Tra queste, Emirati Arabi Uniti e Bahrein, tra i primi firmatari degli Accordi di Abramo, hanno subìto le offensive più intense. Dall’inizio del conflitto, gli Emirati hanno visto indirizzati sul proprio territorio oltre 2.200 droni e più di 500 missili iraniani, mentre il Bahrein è stato attaccato da 508 droni e 194 missili provenienti dal regime iraniano.
Gli attacchi non si sono fermati neppure dopo l’entrata in vigore della tregua. Anche Arabia Saudita, Qatar e Kuwait sono stati coinvolti, affrontando decine di droni e missili, che hanno portato il bilancio a 94 droni e 30 missili provenienti dall’Iran e diretti verso il Golfo. Questa discrepanza tra diplomazia iraniana e ala militare del regime mostra come il coordinamento interno del regime sia sempre più diviso.

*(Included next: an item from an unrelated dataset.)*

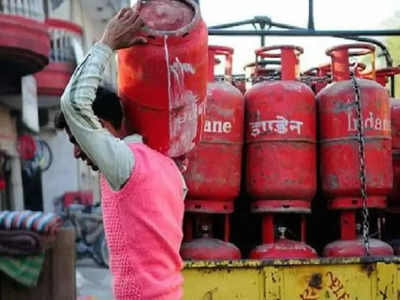 LPG சிலிண்டர் விலை 135 ரூபாய் குறைஞ்சாச்சு.. முதல் நாளே ஹேப்பி நியூஸ்!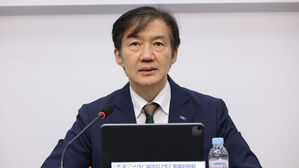 조국 "이재명 대통령, 검찰정권 최대 피해자&hellip;일부 사건 공소취소해야"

La violazione della tregua ha irritato profondamente le monarchie del Golfo, spingendole ad allontanarsi ulteriormente dall’orbita iraniana e a rafforzare il legame con Israele e Stati Uniti. Secondo l’analista kuwaitiano Dhafer Al-Ajmi, Teheran manda segnali diretti a Washington, colpendo infrastrutture civili nella regione, dimostrando la volontà di prendere di mira i punti nevralgici del funzionamento dei Paesi del Golfo. Sulla stessa linea, il portavoce del Ministero della Difesa kuwaitiano, Saud Al-Atwan, ha confermato l’intercettazione di numerosi droni diretti verso infrastrutture strategiche, tra cui impianti petroliferi, centrali elettriche e strutture per la desalinizzazione. L’Iran non vuole solo paralizzare il commercio marittimo tramite lo Stretto di Hormuz ma anche le monarchie della penisola arabica.

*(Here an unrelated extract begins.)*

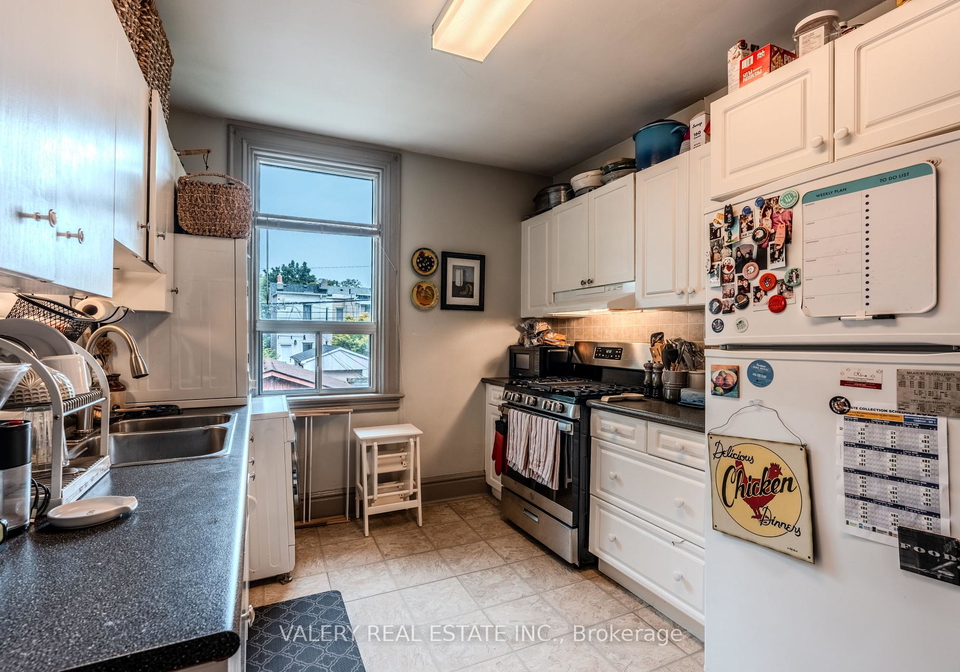 154-victor-avenue-toronto-ontario-e12352585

Il conflitto ha quindi alimentato un clima di forte insicurezza tra i Paesi del Golfo, mettendo in discussione anche quelle relazioni tradizionalmente stabili, come nel caso del Qatar, storicamente incline a mantenere canali aperti con Teheran ma comunque colpito dalle operazioni militari. In questo contesto, le monarchie cercano ora una posizione comune capace di tutelare sicurezza e interessi strategici, e queste posizioni sono sempre più in linea con l’asse israelo-americano.

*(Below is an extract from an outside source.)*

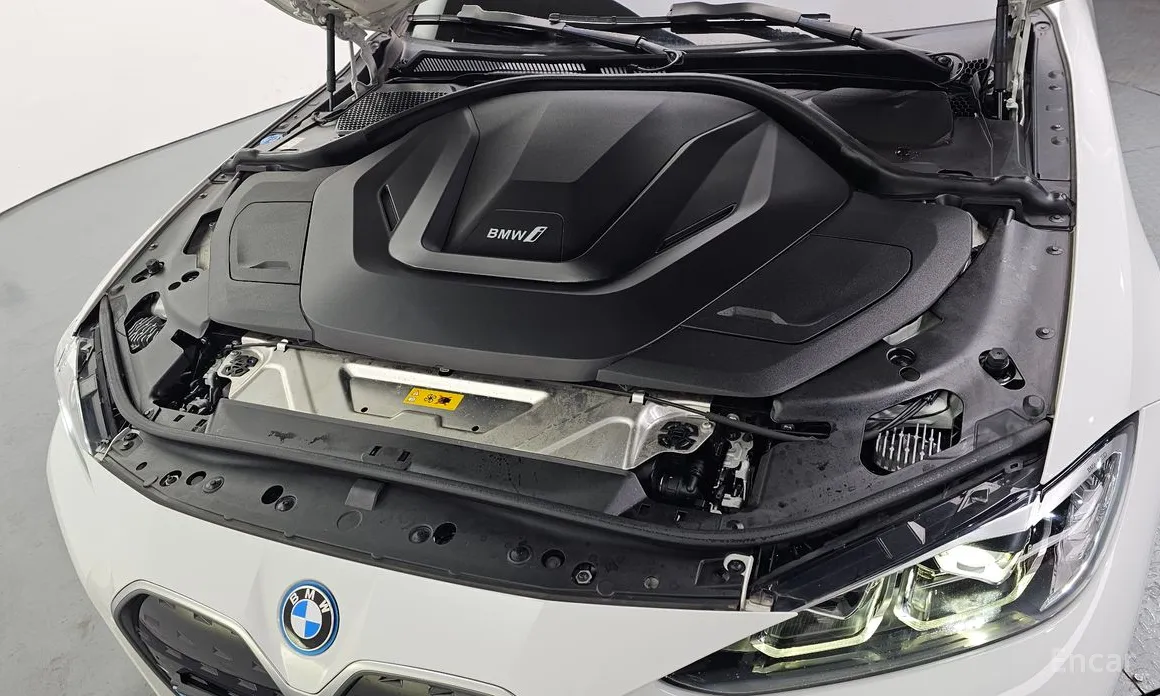 BMW i4 2021 eDrive40 M Sports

Sempre più percepito come un attore coercitivo, Teheran ha ormai compromesso definitivamente i rapporti con i vicini. La prospettiva di un Iran ancora forte rappresenta una minaccia per gli equilibri di Arabia Saudita, Qatar, EAU, Bahrein e Kuwait. Il blocco dello Stretto di Hormuz e il ricorso a strumenti come le mine marittime confermano la volontà dell’Iran di mantenere un ruolo dominante nella regione a discapito delle monarchie del Golfo.